→ To do
Output exactly, in the material below, the lines from the one with "Garden Torch Lantern" through the one with "Item preview, Sunrise". Omit all pictures.

→ Data
········

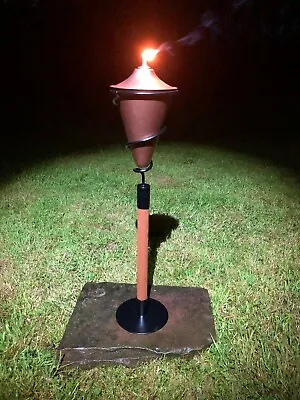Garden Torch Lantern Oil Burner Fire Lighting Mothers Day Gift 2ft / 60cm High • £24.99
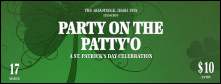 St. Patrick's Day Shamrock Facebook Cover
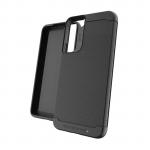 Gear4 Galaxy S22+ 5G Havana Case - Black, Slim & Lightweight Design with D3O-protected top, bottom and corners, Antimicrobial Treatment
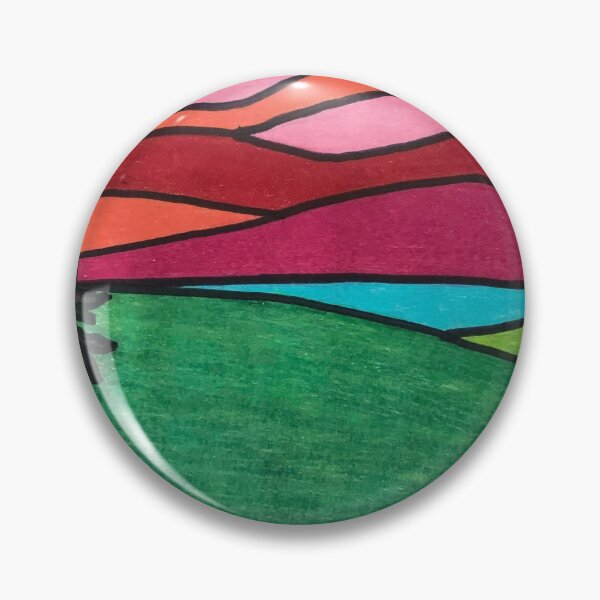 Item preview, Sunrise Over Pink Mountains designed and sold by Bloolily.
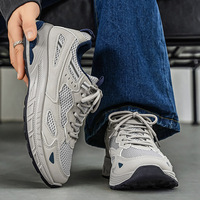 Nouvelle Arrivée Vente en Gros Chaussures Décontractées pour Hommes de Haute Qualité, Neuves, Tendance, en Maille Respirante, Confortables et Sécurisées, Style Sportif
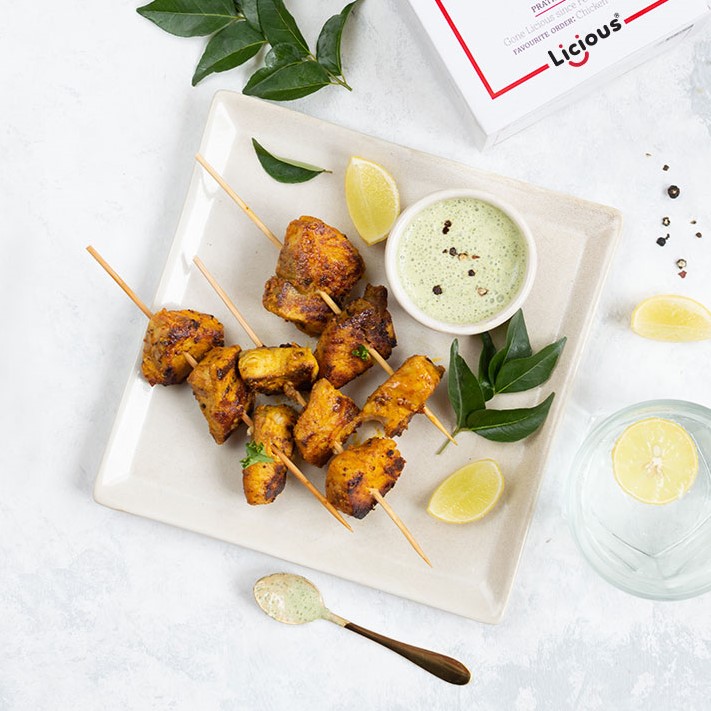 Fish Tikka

········

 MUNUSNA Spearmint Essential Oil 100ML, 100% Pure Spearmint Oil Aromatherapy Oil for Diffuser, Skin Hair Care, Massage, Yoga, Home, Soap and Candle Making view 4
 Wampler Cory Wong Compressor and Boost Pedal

········

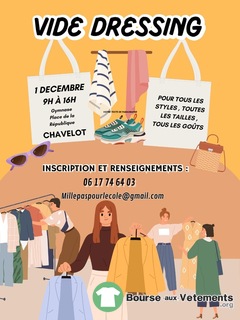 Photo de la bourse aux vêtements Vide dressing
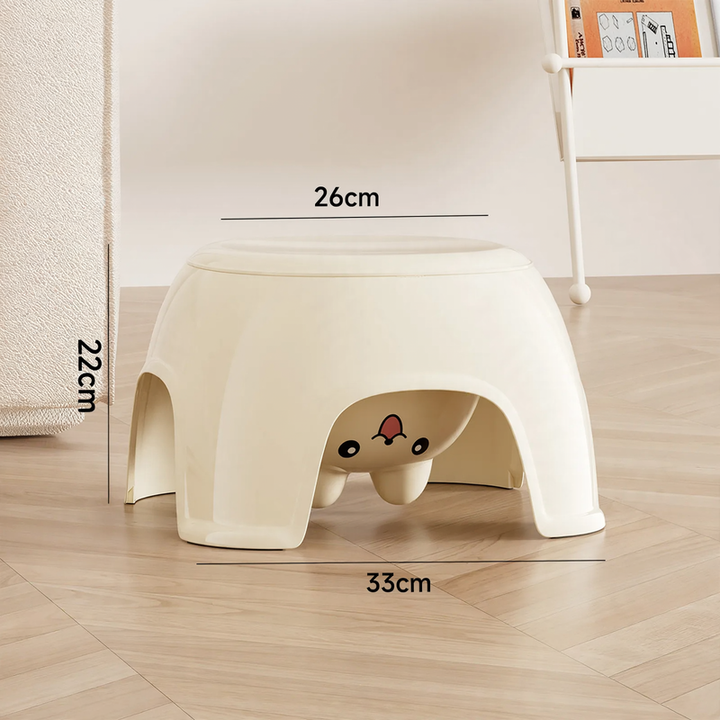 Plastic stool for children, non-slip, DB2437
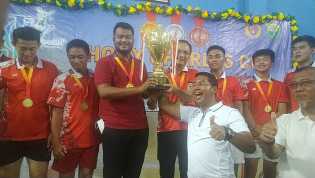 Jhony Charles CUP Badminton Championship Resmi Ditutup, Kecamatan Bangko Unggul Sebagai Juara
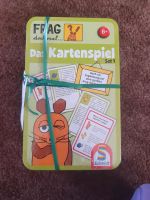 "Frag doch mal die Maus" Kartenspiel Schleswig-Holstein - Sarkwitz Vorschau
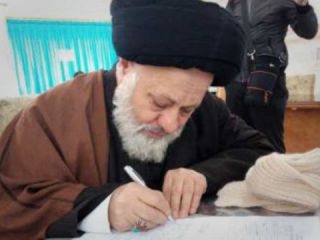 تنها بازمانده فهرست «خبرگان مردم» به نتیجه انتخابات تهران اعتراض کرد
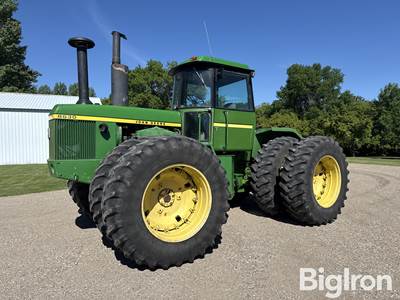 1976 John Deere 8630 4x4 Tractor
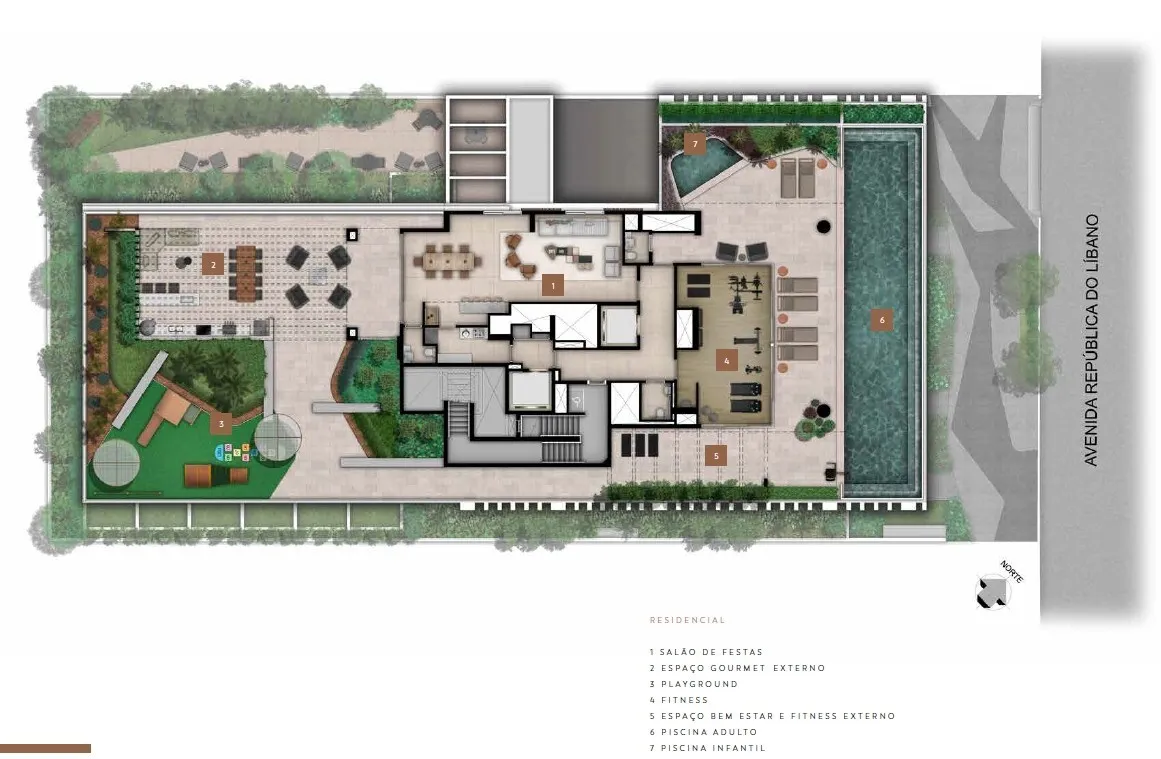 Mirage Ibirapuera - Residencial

········

→ Response
Garden Torch Lantern Oil Burner Fire Lighting Mothers Day Gift 2ft / 60cm High • £24.99
 St. Patrick's Day Shamrock Facebook Cover
 Gear4 Galaxy S22+ 5G Havana Case - Black, Slim & Lightweight Design with D3O-protected top, bottom and corners, Antimicrobial Treatment
 Item preview, Sunrise Over Pink Mountains designed and sold by Bloolily.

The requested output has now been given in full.